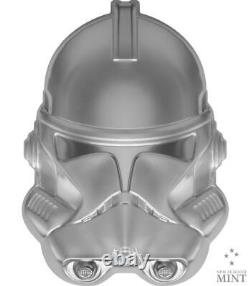 2021 Niue $5 Star Wars Helmets Clone Trooper 2oz. 999 Silver Coin 5,000 Mintage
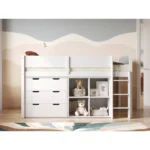 Loop Mid Sleeper Bed Full Set Grey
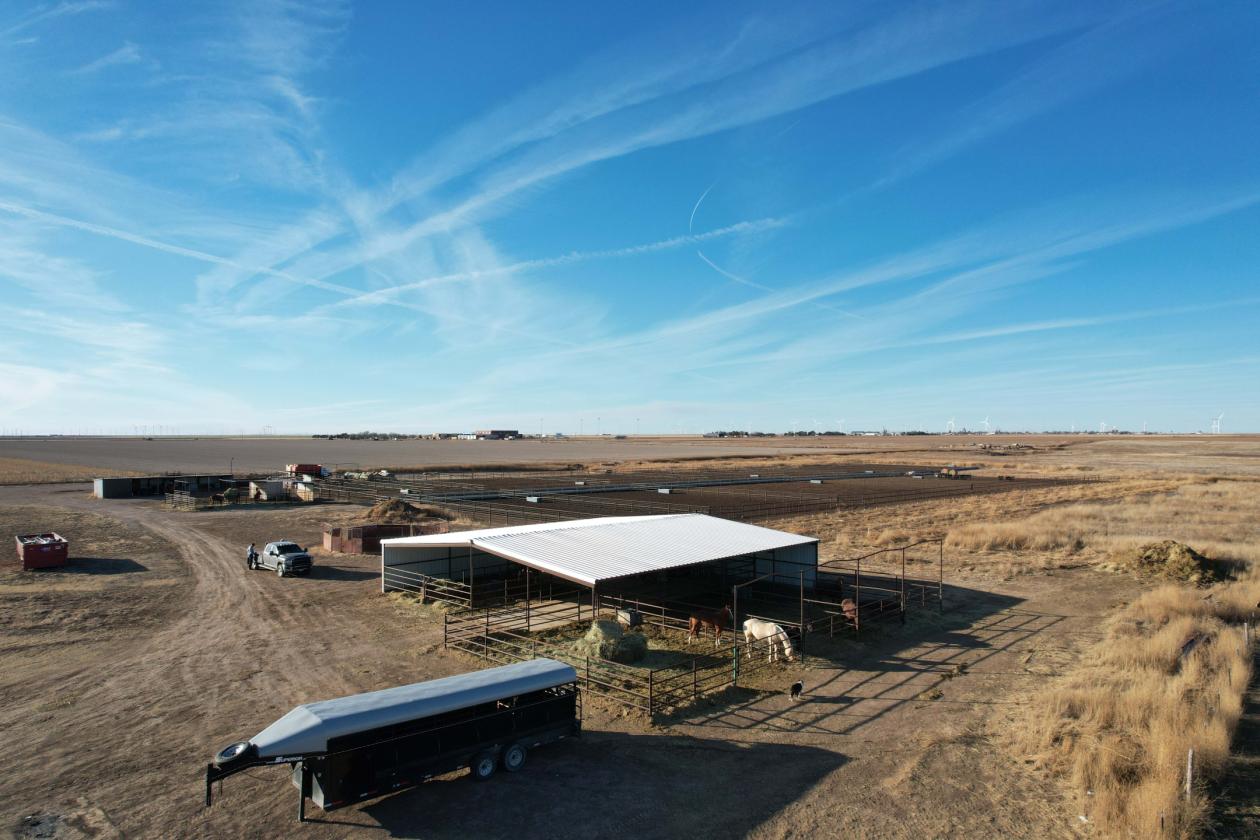 Feedyard & Equine Facility with Modern Homes - photo 10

## DIRECTIONS FOR THIS TASK
Nothing but the pictures is to be left out; the rest of the listing should be copied exactly.

## ANSWER TO THIS EXERCISE
 2021 Niue $5 Star Wars Helmets Clone Trooper 2oz. 999 Silver Coin 5,000 Mintage
 Loop Mid Sleeper Bed Full Set Grey
 Feedyard & Equine Facility with Modern Homes - photo 10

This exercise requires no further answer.